The painting depicts Chairman Mao's noble figure in his youth. There comes Chairman Mao clad in an old blue gown and shod in cloth shoes, an umbrella under his right arm and his left fist clenched, gazing ahead with revolutionary resolution and firm determination. It reflects Chairman Mao's indomitable revolutionary will, his fortitude and heroism. Chairman Mao's nobility as portrayed in the painting inspires us with his dauntless spirit of daring to struggle and to win and of fearing no hardship in working for the emancipation of mankind and the victory of the proletarian revolution. It shows us Chairman Mao's revolutionary working style of hard work and plain living - and of keeping in close contact with the masses. Chairman Mao stands out in the painting like a pillar supporting the sky, making us feel that in following Chairman Mao, the revolution is bound to be victorious and the world will be red. It is a precious record of an historical event and a revolutionary textbook. It inspires us and makes us feel full of enthusiasm.
Su Yuan-tung (a veteran coal miner of Anyuan): The painting shows Chairman Mao's inspiring likeness and his revolutionary working
style of hard work and simple living. It moves us very much and makes us feel particularly close to him.
In those days of hard revolutionary struggle, the Anyuan coal mine was a hell where imperialism, feudalism and bureaucratic-capitalism co-operated to suck the blood of the miners. The miners then led a life worse than beasts of burden, toiling over 14 hours a day in the narrow and damp coal pits. They were often abused and flogged and suffered from hunger and cold. They lived a life of torment, eating pig's feed and huddled together at night in cattle sheds. When illness or old age overtook them they would be driven out and had to beg for their food. I myself had to go out and beg once. Under the oppression of the three big mountains, the miners could hardly breathe and words cannot describe the miserable life they led. The workers had a folk rhyme which described our hard life:
In youth they go down the coal pit;
In old age begging is their fate.
When illness comes, out they go,
They die in a way no better than dogs.
In the midst of our suffering Chairman Mao, the red sun in our hearts, arrived in Anyuan. He explained the revolution to us and told us that we miners were suffering not because it was our "fate" but because of oppression and exploitation by imperialism and capitalists. Chairman Mao told us we should get organized and united as one, work like a powerful fist to overthrow the big mountains weighing down on us. Chairman Mao's words lit our hearts and we miners who were called black colliers were awakened. Following Chairman Mao's lead, we waged uncompromising struggles against the Kuomintang reactionaries and capitalists and finally overthrew the three big mountains.

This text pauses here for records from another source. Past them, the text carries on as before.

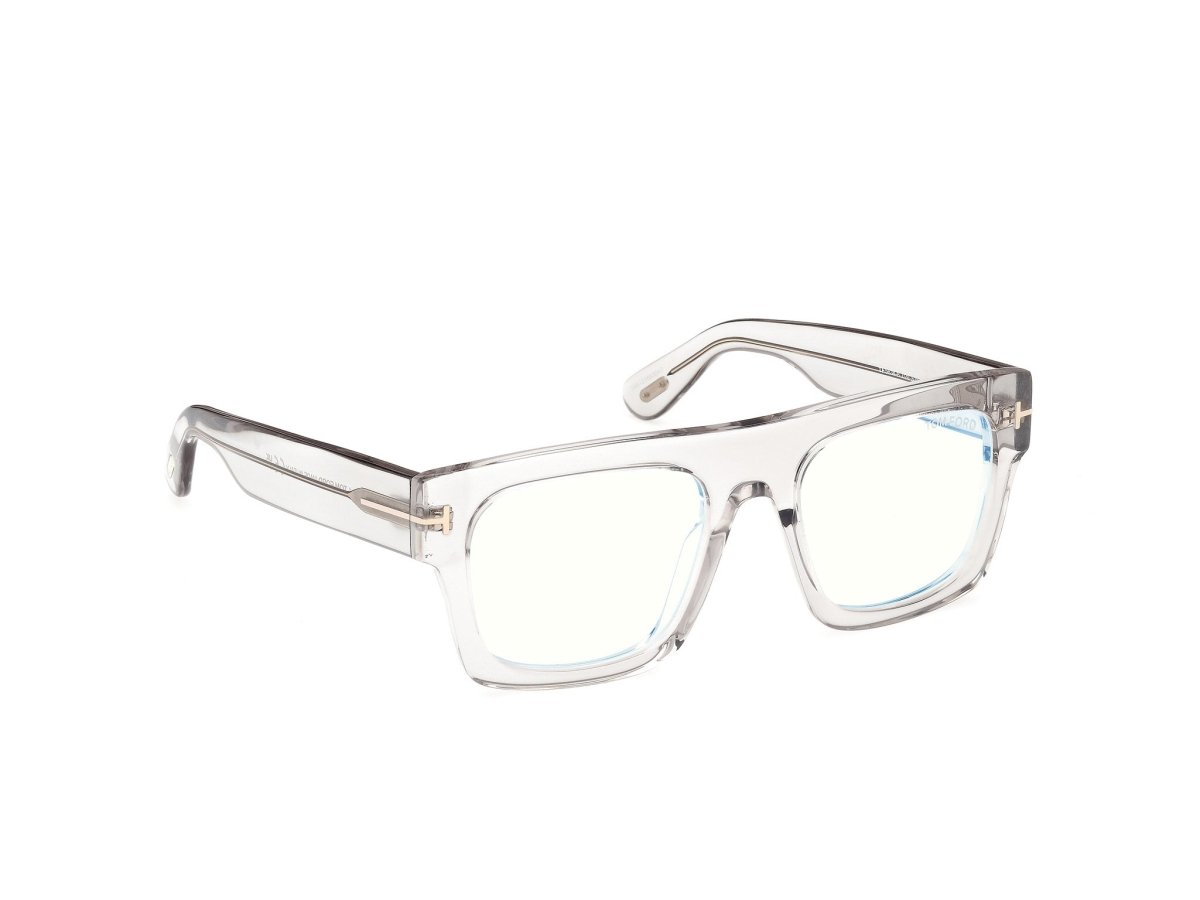 Grey Male Eyeglasses Tom Ford 889214683724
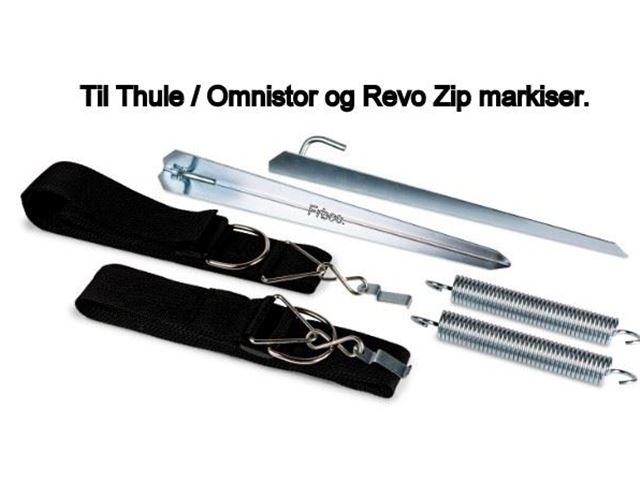 Stormsikrings kit Thule/Revo Side Strap. UDSOLGT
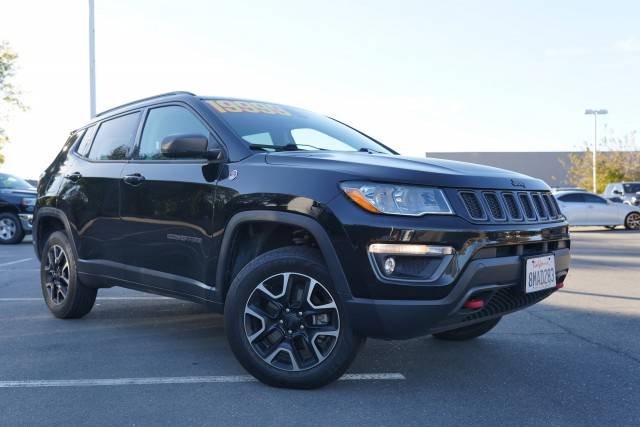 2019 Jeep Compass Trailhawk 4WD photo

We who were no better than cattle in the old society have become the masters of the country.
When we contrast the new with the old, we feel that dear as our parents are to us still dearer is Chairman Mao. We veteran miners are resolved to be thoroughly loyal to the great leader Chairman Mao, the great thought of Mao Tse-tung and his revolutionary line and follow him for ever in making revolution. We are resolved to right the distortion of historical facts by China's Khrushchov.
Chia Teh-ping (Chairman of the Revolutionary Committee of the fourth coal extraction section of the Kaokeng Coal Mine): When Chairman Mao came to Anyuan that year, he visited the miners in their sheds and went down the pits with them to understand their bitter conditions. It was he who roused their class consciousness. A veteran miner told me that the sight of the umbrella under Chairman Mao's arm in the painting brought to his mind how Chairman Mao arrived in Anyuan in those days with straw sandals over his worn cloth shoes and how he immediately called a mass meeting of miners.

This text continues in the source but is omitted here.